そこで日本では子どもを祭りに参加させて、子どもの健やかな成長を祈る祭りを古来行い、現在も各地で催されている。
ぺたんと額に印を押して成長祈願
関東地方北部に位置する栃木県足利市では、子どもの健やかな成長を祈る「初山祭り」が毎年6月1日の山開きに足利富士浅間神社で行われる。1年の間に産まれた赤ちゃんを神社に連れて行き、その額に神社の御朱印を押してもらうのだ。
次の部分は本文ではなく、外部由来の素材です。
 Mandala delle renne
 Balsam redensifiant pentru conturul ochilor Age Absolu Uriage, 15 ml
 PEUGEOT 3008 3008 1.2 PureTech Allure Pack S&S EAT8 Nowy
この神社は、富士山を祀り、初めて山(=神社)へ参拝することから〝初山祭り〟とされ、印を押す際の「ぺたん」という擬音から、「ペタンコまつり」の名でも知られる。その昔、この地方で起こった洪水、飢饉、疫病で多くの子どもたちが苦しんだ時、この神社に祀られている山から龍がのぼり、子どもたちが救われたという伝説からこの祭りが始まった。額に印を押す際には、おとなしくしている子もいれば、驚いて泣き出してしまう子もいるという。
子どもの怠け心を追いはらう神
東北地方の秋田県男鹿市では毎年12月31日の夜、集落の青年たちが「ナマハゲ」と呼ばれる鬼のような姿になり、「泣く子はいねがー」「親の言うこと聞がね子はいねがー」などと大声で叫びながら地域の家々を巡る。大きな鬼のお面を付けて蓑をまとったその姿を見て驚いて泣きだしてしまう子どももいる。
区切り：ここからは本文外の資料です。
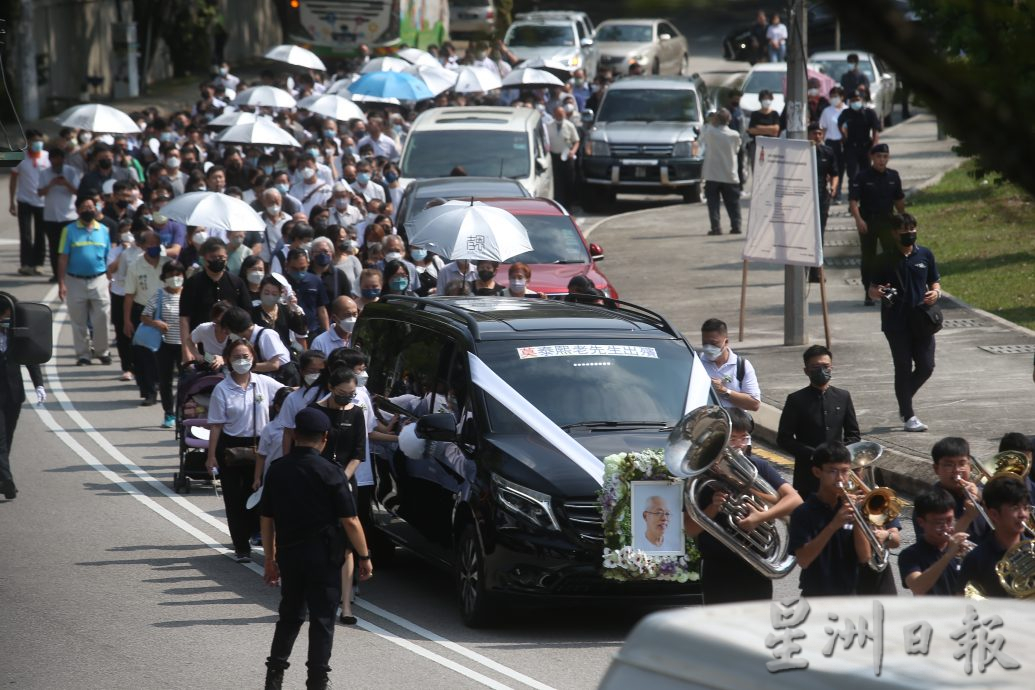 副文:董教总、林连玉、循人哀悼文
しかし、男鹿の人々にとってこの「ナマハゲ」は、子どもや大人の怠け心を戒め、無病息災を祈り、田畑の恵みや海の幸・山の幸をもたらし、新年を迎えるにあたっての祝福を与える神、なのである。「ナマハゲ」を迎える家は、昔から伝わる作法で料理や酒を用意し、丁重にもてなす。
女の子の成長を願う祭り
日本では毎年4月に女の子の成長を祈る祭りがある。日本海側に面した鳥取県鳥取市用瀬町では「もちがせの流しびな」が行われている。男女一対の紙で作った人形を藁で編んだ丸い蓋に載せて、桃の花の小枝などを添えて千代川に流すのだ。
もともと、流し雛は紙などで作り、これで身体を撫でて、災いをその人形に移して川などに流す行事として約400年前から行われてきた。現在、祭りの当日は晴れ着を着た女の子たちが河原に集まり、家族や姉妹と一緒に雛人形を流す。その光景は、〝女の子の祭り〟にふさわしく、実に華やかだ。
大人も楽しむハロウィン
近所の家を訪ねるハロウィン。もともとは欧州を起源とする祭りの一つだが、2010年頃からこれが日本の20~30代の世代で人気が高まっている。
ハロウィン当日、若者たちは東京の渋谷や六本木などの繁華街にアニメのキャラクターなどに変装して集まり、街をパーティー会場のように練り歩く。その姿を撮り合ってSNSに投稿し、クラブやレストランでパーティーに参加して楽しんでいる。
本来のハロウィンは、秋の収穫を祝い、悪霊を追い出す行事だが、日本では変装を楽しむ、コスプレ・イベントとして定着した。変装用の衣装や化粧道具などの販売コーナーを設けるデパートもあるなど、その経済効果は年々高まっている。